» **PROBLEM TO SOLVE**
Beginning with the line containing "La galería Constitución exhibe esculturas", write out each line exactly through the end of the listing, and skip all pictures.

» **SOURCE DATA**
[Start of Attachment]

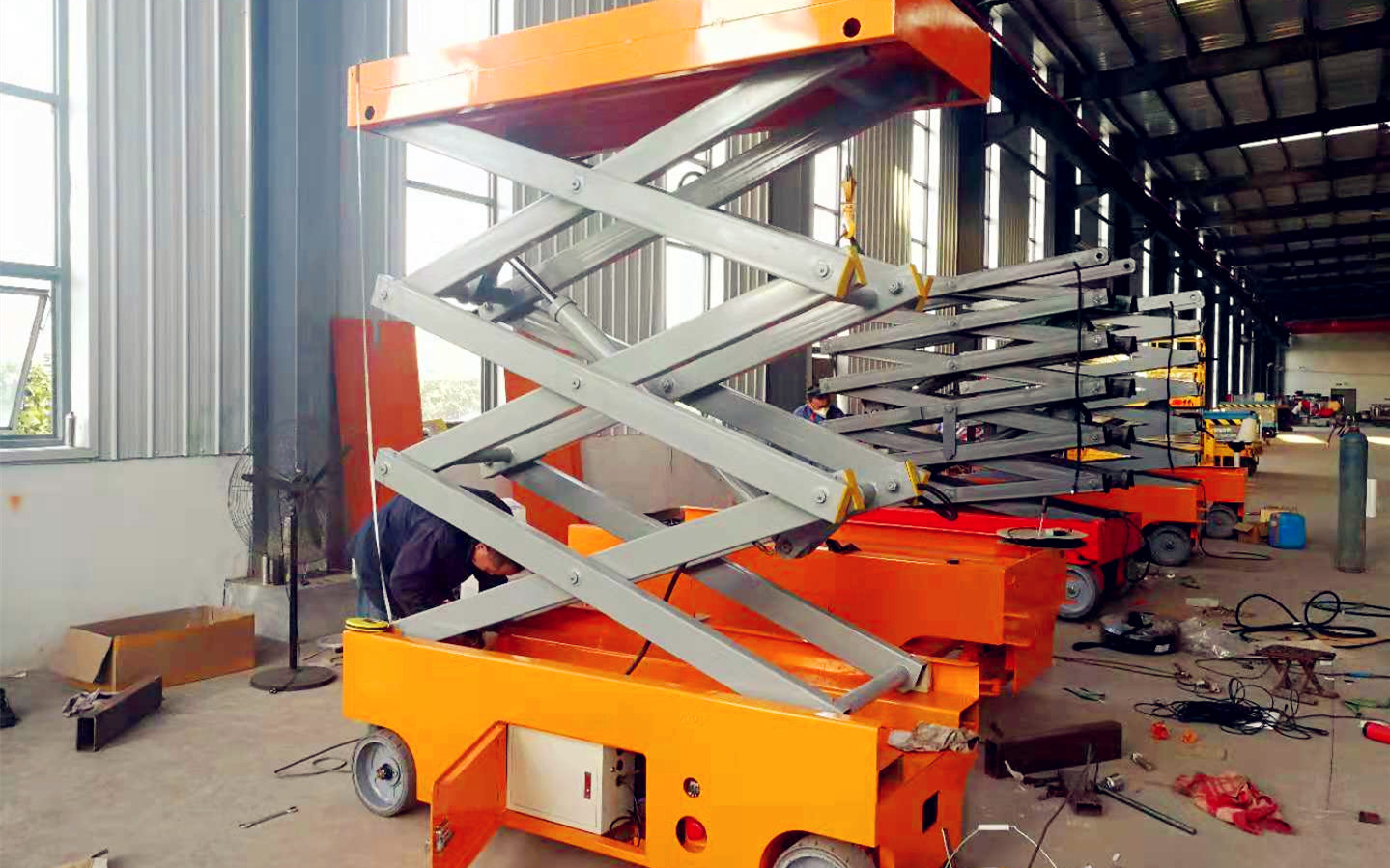 自动升降平台流水线批量生产中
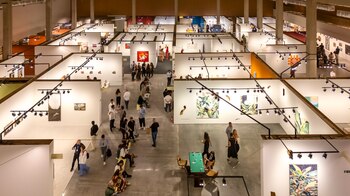 La galería Constitución exhibe esculturas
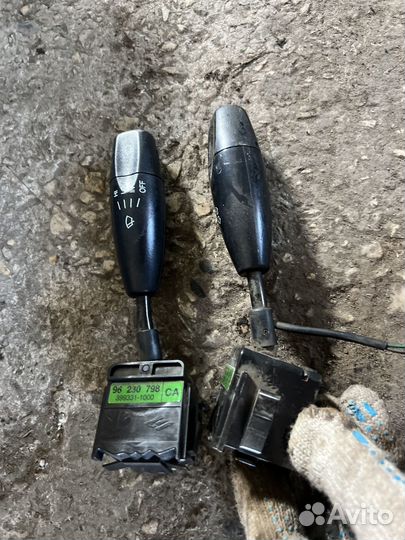 Подрулевой переключатель Chevrolet Lanos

[End of Attachment]

» **YOUR RESPONSE**
 La galería Constitución exhibe esculturas
 Подрулевой переключатель Chevrolet Lanos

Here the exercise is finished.